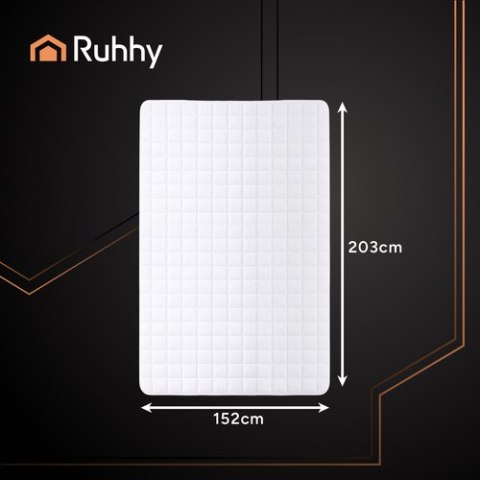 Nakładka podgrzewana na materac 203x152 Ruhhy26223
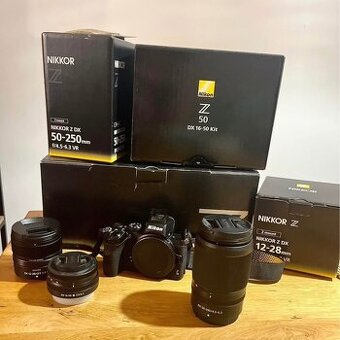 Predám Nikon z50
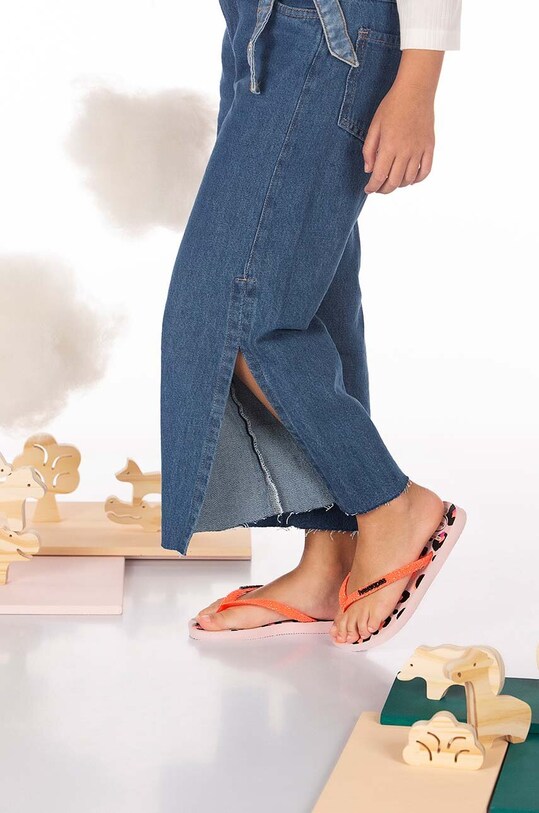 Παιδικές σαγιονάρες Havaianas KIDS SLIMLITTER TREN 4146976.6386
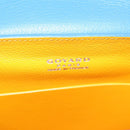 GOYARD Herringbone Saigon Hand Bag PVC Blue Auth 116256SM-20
——
■ **What is required**
Hand back the data exactly as it appears, with all pictures cut.

■ **Output of the exercise**
 Nakładka podgrzewana na materac 203x152 Ruhhy26223
 Predám Nikon z50
 Παιδικές σαγιονάρες Havaianas KIDS SLIMLITTER TREN 4146976.6386
 GOYARD Herringbone Saigon Hand Bag PVC Blue Auth 116256SM-20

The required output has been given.